NSU’nun gerçekleştirdiği banka soygunlarıyla ilgili başka tanıklıklar

Mahkeme bugünkü duruşmaya, Chemnitz’deki bir Sparkasse’ye 2006 yılı Ekim ayında düzenlenen soygunla ilgili tanıklıklarla başladı. Bu soygun diğerlerinin aksine sadece bir kişi, sanık Uwe Böhnhardt tarafından gerçekleştirilmişti.

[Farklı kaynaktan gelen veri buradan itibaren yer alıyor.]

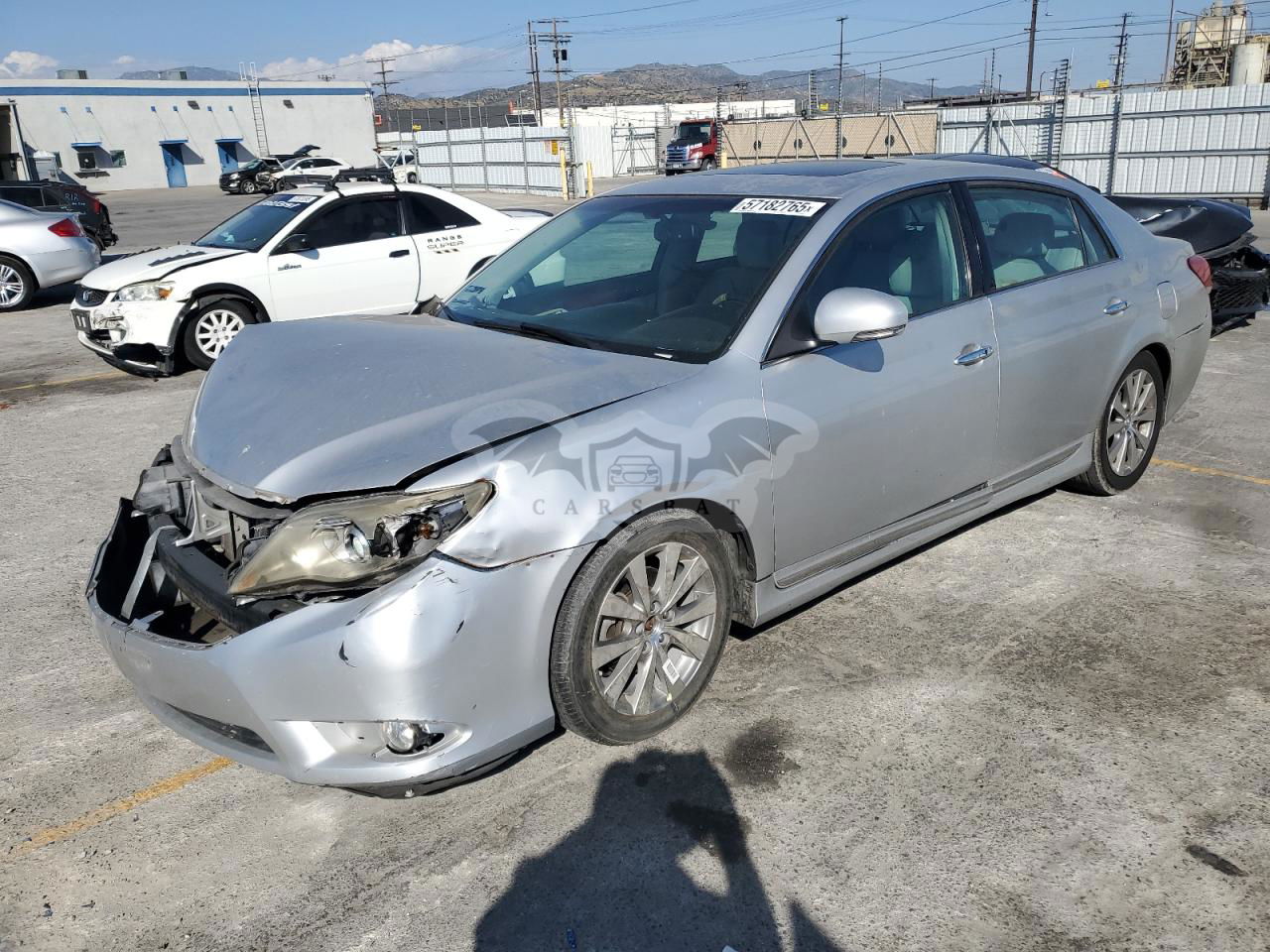 Toyota Avalon BASE 3.5L  6 2011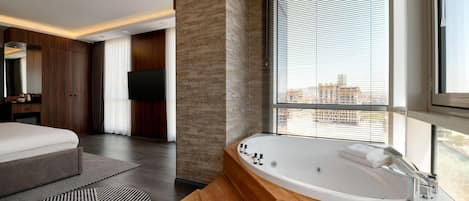 Suite Junior, 1 lit double et 1 canapé-lit, vue mer | Baignoire à jets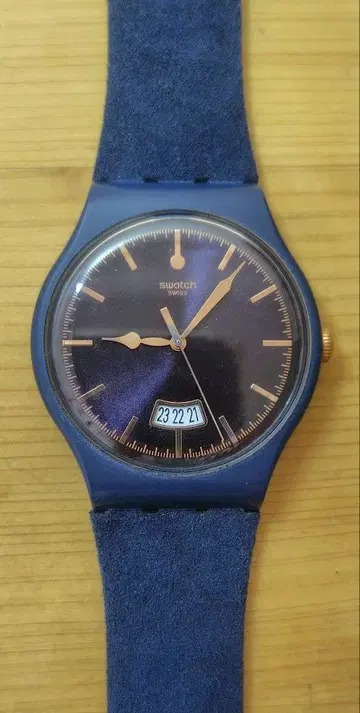 Swatch 아날로그 손목시계 케이스 포함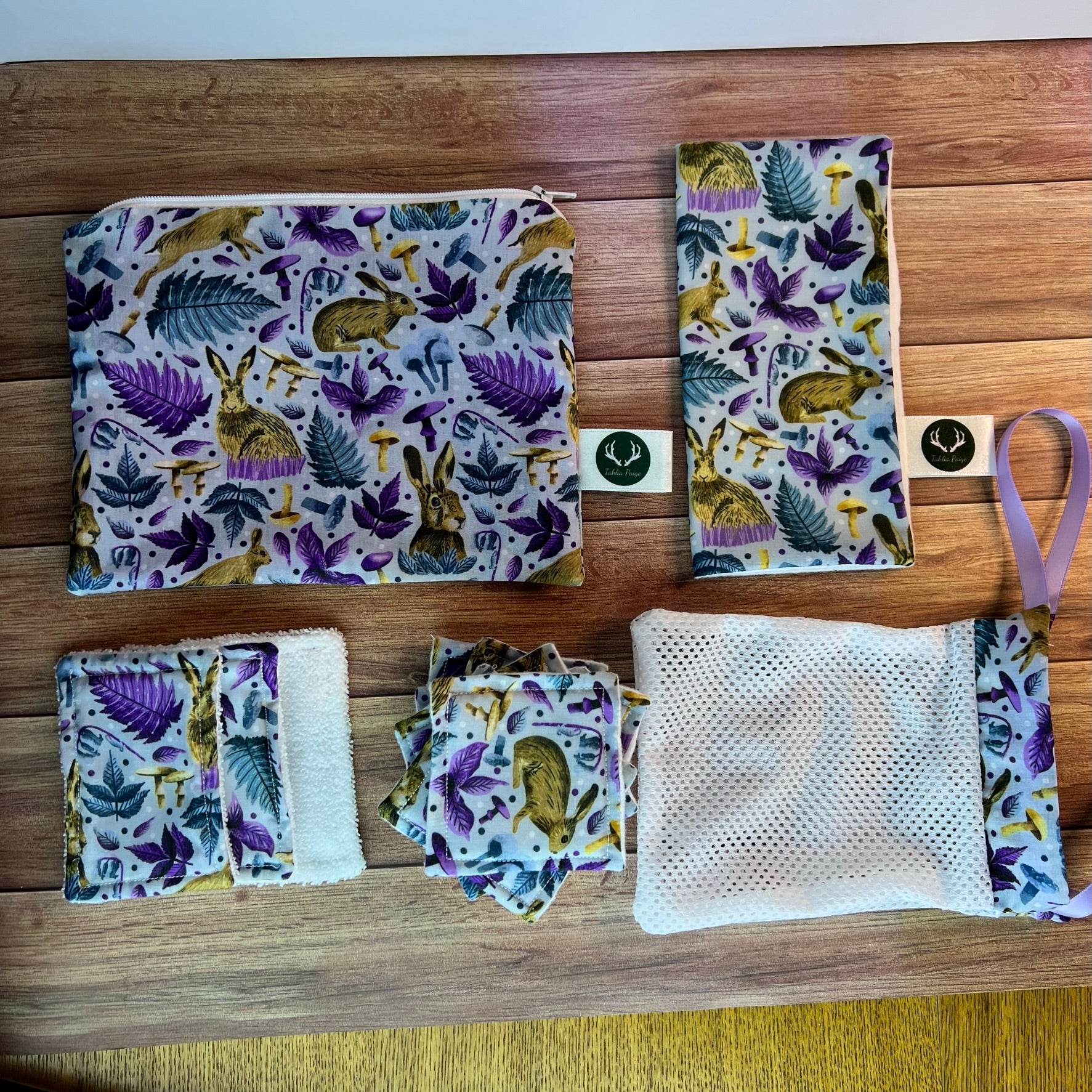 Beautiful sustainable starter gift set, perfect rabbit-themed gifts for adults.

Böhnhardt diğer soygunlarda olduğu gibi çok vahşi davranışlarda bulunmuş, bir masa vantilatörüyle orada çalışan birine ve kendisini engellemek isteyen bir stajyerin karnına ateş etmişti.

İlk tanık o zamanlar staj yapmakta olan bu kişiydi ve olayların akışı ve kendisi üzerindeki etkilerini çok nesnel bie şekilde anlattı: Uzun bir süre olayın bedensel ve ruhsal etkisi altında kalmış ve bu nedenle Sparkasse’deki eğitimini tamamlayamamış ve uzun bir süre hastalık izni aldıktan sonra başka bir alanda yeni bir meslek eğitimine başlamıştı. Ama yeni mesleğinde de uğradığı fiziksel hasarlar nedeniyle sadece kısıtlı olarak çalışabiliyordu.

O zamanlar tesadüfen olay yerinde olan ve ilk yardımda bulunan bir doktor da bu tanığın karnına yediği darbenin yol açtığı ağır yaralanmaları anlattı. Başka bir Sparkasse çalışanı ise meslektaşının olayların akışı ile ilgili verdiği bilgileri doğruladı.

Bu Sparkasse şubesinin başka çalışanları yarın ifade vermek üzere çağrıldılar. Önümüzdeki haftalarda mahkeme yeniden başka soygunlarla ilgilenecek.

Mahkeme bugün müdahil davacıların vermiş olduğu başka delil tespiti dilekçelerini reddetti. Bunlar arasında Köln Probsteigasse’de 2000/2001’de gerçekleşen patlayıcı maddeli saldırı ve Kölnlü Neonazi ve muhbir Johann H.’nin, Anayasayı Koruma Dairesi’nin bir çalışanının öne sürdüğü üzere robot bir resimle benzerliğiyle ilgili (sürüncemede bırakılmış) soruşturmalarla ilgili dilekçeler vardı. Bu konuyla ilgili verilecek kararda bu soruların önemsiz olduğu gerekçesi öne sürüldü. Aynısı, NSU’nun açığa çıkmasının kısa süre ardından Anayasayı Koruma Dairesi tarafından imha edilen ve çeşitli muhbirlerle ilgili yeniden eski haline getirilmiş dosyaların ve muhbir Michael See („Tarif“) ile ilgili başka delillerin davada kaynak olarak gösterilmesi için verilen dilekçeler için de geçerliydi.

Mahkeme böylelikle NSU tarafından işlenen suçların iddianamenin dar kapsamının ötesinde aydınlığa kavuşturulmasıyla (artık) ilgilenmediğini bir kez daha göstermiş oldu.